Secondo Angelo Panebianco, per gli europei non ci sarebbe stata alcuna sveglia sui cambiamenti in corso da tempo nel rapporto fra l’Occidente e il resto del mondo se non ci fosse stata l’aggressione russa all’Ucraina. Lo scrive sul Corriere della Sera, affermando che la vicenda di Angela Merkel è emblematica in questo senso.
«Quando era al potere e quando lo lasciò Merkel venne celebrata come una grande statista. Ma la sua statura politica» sottolinea Panebianco «andò in pezzi quando Putin diede il via all’invasione dell’Ucraina. Improvvisamente si capì ciò che, colpevolmente, non si era capito prima: se abbracci una belva nel tentativo di ammansirla, quella prima o poi ti sbranerà. Per niente turbata dall’aggressione russa alla Georgia del 2008, scelse di non vedere cosa Mosca stava preparando».

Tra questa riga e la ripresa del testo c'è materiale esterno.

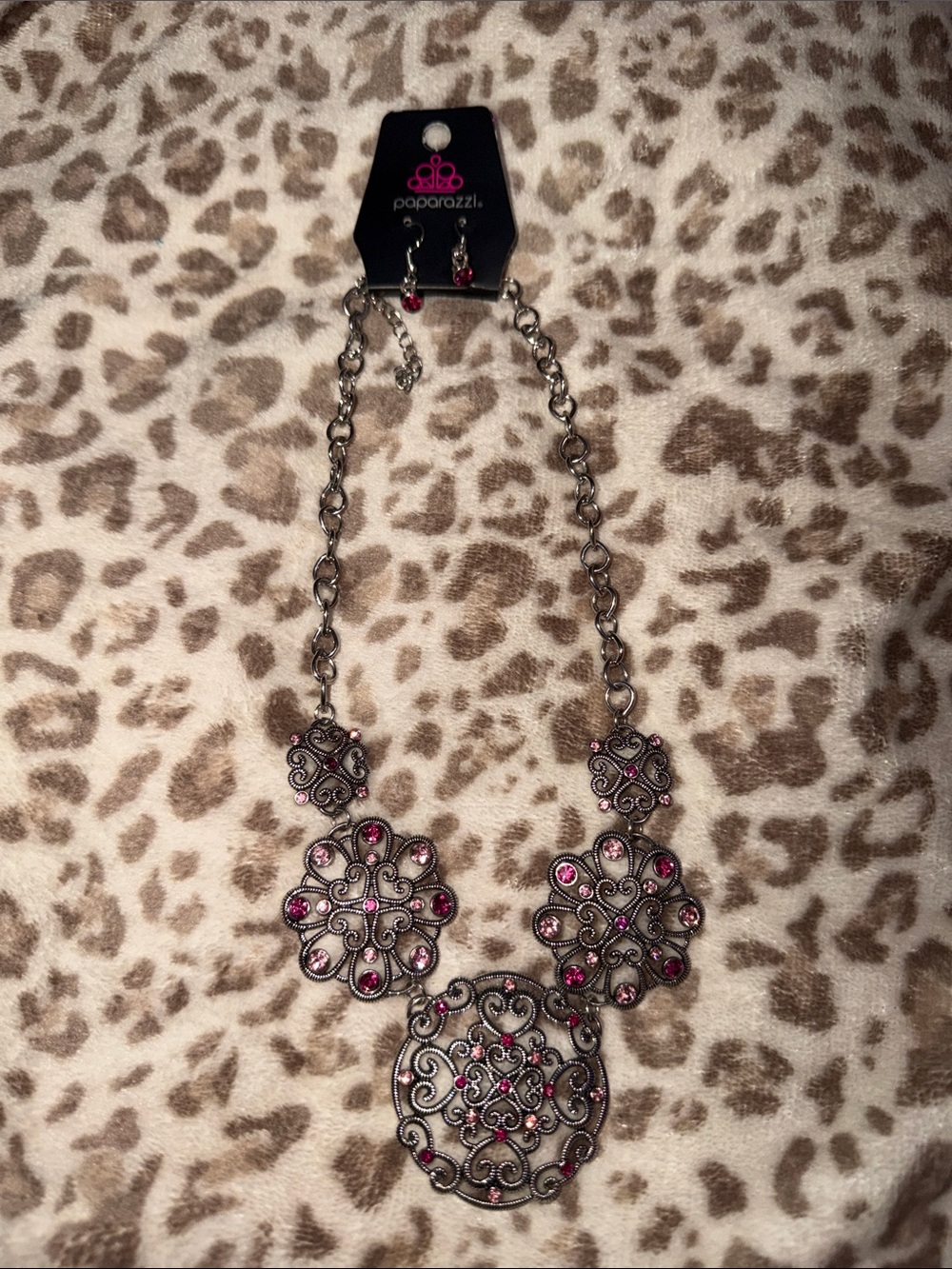 paparazzi Silver-Tone Filigree Necklace with Pink Gems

«E perseverò quando, nel 2014, Putin invase il Donbass e si prese la Crimea, non modificando di un millimetro il suo atteggiamento verso la Russia. Anzi, la dipendenza della Germania dal gas russo aumentò ulteriormente dando così a Putin la sensazione di poter imporre agli europei, tramite il ricatto energetico, qualunque sua decisione. Questo cumulo di errori spiega perché il giudizio generale su Merkel sia così repentinamente cambiato».
«La ex cancelliera ci ha lasciato un insegnamento su ciò che non si può e non si deve fare. In Ucraina si giocano contemporaneamente due partite. La prima riguarda, ovviamente, il destino di quel Paese. Il sostegno occidentale è vitale per aiutare gli ucraini a liberare il proprio territorio dall’invasore. La seconda partita, altrettanto vitale, per noi e per la pace in Europa, riguarda la necessità di creare proprio ciò che è mancato e che spiega l’invasione: un sistema di deterrenza così potente e soprattutto così credibile da inibire futuri tentativi russi di rimettere di nuovo in discussione i confini europei».